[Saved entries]
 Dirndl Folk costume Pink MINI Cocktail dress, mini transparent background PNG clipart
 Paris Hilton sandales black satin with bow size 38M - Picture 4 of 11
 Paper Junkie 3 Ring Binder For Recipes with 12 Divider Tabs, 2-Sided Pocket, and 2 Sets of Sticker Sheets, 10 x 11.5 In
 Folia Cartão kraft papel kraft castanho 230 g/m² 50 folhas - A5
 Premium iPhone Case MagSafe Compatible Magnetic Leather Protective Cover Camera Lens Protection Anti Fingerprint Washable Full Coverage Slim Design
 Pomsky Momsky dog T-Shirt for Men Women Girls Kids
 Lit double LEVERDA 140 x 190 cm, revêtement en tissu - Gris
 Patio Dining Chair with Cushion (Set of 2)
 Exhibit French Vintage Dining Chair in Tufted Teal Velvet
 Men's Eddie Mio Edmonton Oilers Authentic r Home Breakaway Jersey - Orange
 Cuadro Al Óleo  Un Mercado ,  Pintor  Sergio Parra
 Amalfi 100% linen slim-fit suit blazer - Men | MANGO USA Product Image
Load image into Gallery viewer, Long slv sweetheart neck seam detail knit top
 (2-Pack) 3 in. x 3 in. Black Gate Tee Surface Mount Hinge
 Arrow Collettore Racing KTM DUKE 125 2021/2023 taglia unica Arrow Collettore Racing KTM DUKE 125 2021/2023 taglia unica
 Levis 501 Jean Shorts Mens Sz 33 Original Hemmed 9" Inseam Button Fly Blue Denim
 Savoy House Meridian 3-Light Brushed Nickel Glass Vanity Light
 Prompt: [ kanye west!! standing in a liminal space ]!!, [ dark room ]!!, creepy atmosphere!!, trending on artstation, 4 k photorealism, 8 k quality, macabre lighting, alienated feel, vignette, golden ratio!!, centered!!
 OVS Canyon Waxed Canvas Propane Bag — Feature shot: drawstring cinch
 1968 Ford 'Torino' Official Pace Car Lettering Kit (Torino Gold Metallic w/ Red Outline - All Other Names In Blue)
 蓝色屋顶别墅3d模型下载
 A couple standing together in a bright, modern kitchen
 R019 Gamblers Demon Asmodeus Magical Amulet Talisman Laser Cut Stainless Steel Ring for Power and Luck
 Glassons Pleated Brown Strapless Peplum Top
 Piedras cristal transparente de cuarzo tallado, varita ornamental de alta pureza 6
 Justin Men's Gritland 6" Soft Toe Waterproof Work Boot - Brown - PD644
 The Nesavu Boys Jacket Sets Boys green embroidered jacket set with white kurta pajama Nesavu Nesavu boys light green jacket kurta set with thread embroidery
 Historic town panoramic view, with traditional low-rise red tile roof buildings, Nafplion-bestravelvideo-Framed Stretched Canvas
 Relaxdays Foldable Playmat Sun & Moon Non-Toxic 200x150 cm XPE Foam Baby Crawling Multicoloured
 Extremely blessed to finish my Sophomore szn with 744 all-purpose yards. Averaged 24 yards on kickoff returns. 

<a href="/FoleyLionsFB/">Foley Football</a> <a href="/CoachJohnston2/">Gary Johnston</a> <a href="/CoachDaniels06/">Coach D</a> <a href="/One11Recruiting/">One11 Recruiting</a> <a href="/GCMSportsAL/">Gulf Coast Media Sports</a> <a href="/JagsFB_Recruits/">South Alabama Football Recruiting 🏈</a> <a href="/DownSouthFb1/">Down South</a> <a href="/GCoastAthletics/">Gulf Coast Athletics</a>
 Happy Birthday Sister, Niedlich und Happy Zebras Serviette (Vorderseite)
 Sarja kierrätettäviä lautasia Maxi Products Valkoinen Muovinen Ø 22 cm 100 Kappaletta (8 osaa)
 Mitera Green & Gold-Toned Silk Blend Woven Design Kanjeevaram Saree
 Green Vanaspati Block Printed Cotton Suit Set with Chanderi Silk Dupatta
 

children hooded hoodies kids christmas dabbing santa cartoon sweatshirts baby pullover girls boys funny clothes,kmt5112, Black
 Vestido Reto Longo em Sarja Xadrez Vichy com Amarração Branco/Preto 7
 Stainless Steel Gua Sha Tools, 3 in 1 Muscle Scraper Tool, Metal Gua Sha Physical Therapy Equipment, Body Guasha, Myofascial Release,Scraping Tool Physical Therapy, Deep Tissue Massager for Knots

## WHAT YOU NEED TO DO
Return only the lines between the one holding "A couple standing" and the one holding "The Nesavu Boys", inclusive, exactly as they appear above.

## COMPLETED EXERCISE
 A couple standing together in a bright, modern kitchen
 R019 Gamblers Demon Asmodeus Magical Amulet Talisman Laser Cut Stainless Steel Ring for Power and Luck
 Glassons Pleated Brown Strapless Peplum Top
 Piedras cristal transparente de cuarzo tallado, varita ornamental de alta pureza 6
 Justin Men's Gritland 6" Soft Toe Waterproof Work Boot - Brown - PD644
 The Nesavu Boys Jacket Sets Boys green embroidered jacket set with white kurta pajama Nesavu Nesavu boys light green jacket kurta set with thread embroidery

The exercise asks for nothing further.